Colorado is the one state where talking about the weather is never boring. This past week alone, it was eighty degrees on Monday, and I needed to crank on the A/C in my car. Two days later, I had to twist the dial back to the heater, since the temperature had dropped fifty degrees in accompaniment of impressive quantities of snow.

But as a ski bum at heart, I knew I had to make the most of the situation. The snowstorm dropped 24″ on nearby Loveland Ski Area, a total that set a record for 48-hour snowfall in my part of the state. That white stuff was deep enough that when I went up to pay tribute, I regularly took it in my pants–and loved every minute of it.

One of the other positive attributes to days like this where even the stoics are smiling is getting to talk to fellow powder hounds on the chairlift. Granted, I’m pretty asocial, so I’ll generally keep to myself if given the opportunity, but the other people on the lift and I have a short time period together and a common interest to enthuse upon to make conversations entertaining. And two of the guys sitting next to me on one ride took that common interest a step further.

“We’re forty now,” one said. “And we skied with the first generation of squirrel suit skiers when we were about your age…wait, how old are you?”


He stared blankly for a moment. “Okay, so when we were a few years younger, then…”

“Wait. How old did you think I was?”

“19. I’d have guessed younger, but you said you were a ski instructor, so you must have some experience under your belt.”

Needless to say, that guy made my day. I hope he and his fellow daredevil had an exceptional time making tracks, and that his friend made it back to Santa Fe for work at 10:30 a.m. the next day like he was supposed to.
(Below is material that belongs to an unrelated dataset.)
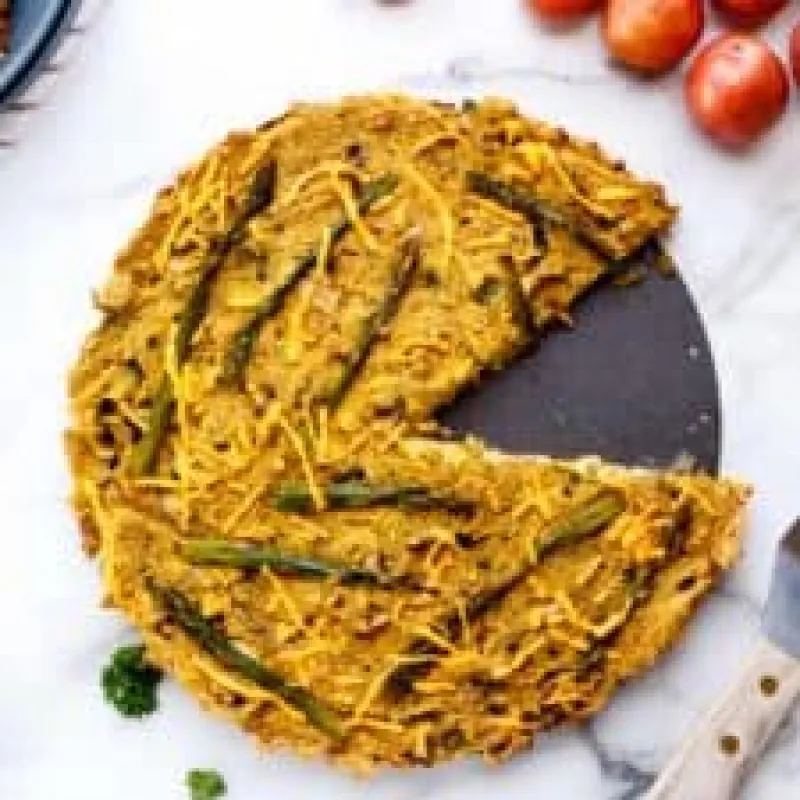 Vegan Asparagus & Mushroom Quiche with Hash Brown Crust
I don’t usually think too much one way or the other about compliments on my appearance unless they cross the border and make a beeline for Creepersville. But being thought of as younger than I am is refreshing–whoever’s making the comment clearly thinks I’m robust, in good health, and full of promise. Does this mean I break into a gargantuan grin when I’m mistaken for a teenager? Hell yes.

Does this mean I would want to be a teenager again? Oh hellllll no.
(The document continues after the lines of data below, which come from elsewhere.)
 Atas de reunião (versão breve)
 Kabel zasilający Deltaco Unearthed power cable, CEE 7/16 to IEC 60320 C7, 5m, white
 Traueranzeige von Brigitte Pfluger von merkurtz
This is, of course, no offense to the many wonderful teenagers out there. I remember being given the side-eye for the crime of belonging to that age group, and I’m well aware of how many young women and men out there perform courageous and charitable acts with more gusto than I will ever possess. So I am certainly not disparaging against the members of that age group.

I am, however, looking back on the time that I was a teenager myself with less than fond memories. I wasn’t always totally okay with not having the face and body of a Cosmo cover girl. In high school, I’d drag myself out of bed half an hour to forty-five minutes earlier than was probably necessary so that I could have enough time to put on makeup, blow-dry my hair, and choose exactly the right outfit, because somewhere along the line, I’d deduced that doing so was the bare minimum standard for passing as a partial rather than total weirdo.

Add to this the fact that I had acne and the usual raging hormones that accompany puberty, the former of which still hasn’t disappeared as promised. Throw into the mix that I was still living under my mother’s roof and my mother was, as it later turned out, certifiably nuts. Toss in a seasoning of angst over the fact that I spent the first two years of high school unable to drive, which, since I didn’t go to the high school I was districted for and therefore couldn’t take the bus, meant I had to work with my certifiably nutty mother’s schedule to get picked up and dropped off. Add a pinch of regret that I couldn’t just make good on my threats to move in with my father because he lived across town and up a very busy highway from where I went to school, so though he would have welcomed me, the logistics were unworkable.

Bake all that at 450 degrees, and you’ve got the recipe for a woman eager for independence and willing to exchange the responsibility of a few bills and household chores for the freedom of being an adult. I’m sure that, at 3 a.m. on an odd winter’s night, there will come to me a fragment of some element of being between the ages of 14-18 that I miss, but I’m damned if I can think of what that is right now.

But how often I’ve heard sighing over the carefree days of youth. I once overheard a woman gushing over how her hot young boyfriend made her feel like a teenager again with the implication that it was an amazing feeling. “Really?” I wanted to shout at this total stranger. “So you ENJOYED feeling like a loser for not being in a relationship and being wracked with anxiety that you weren’t attractive enough or good enough at making out and whatever else may have gone on in the back of your parents’ car when you were in one?”

To each her own, however. Me, I’ll take my giddiness from getting one of those rare days where the sun burns bright and clear on a walloping of fresh snow. To me, the taste is so much sweeter for not having to get the permission of a partner or parent to enjoy it.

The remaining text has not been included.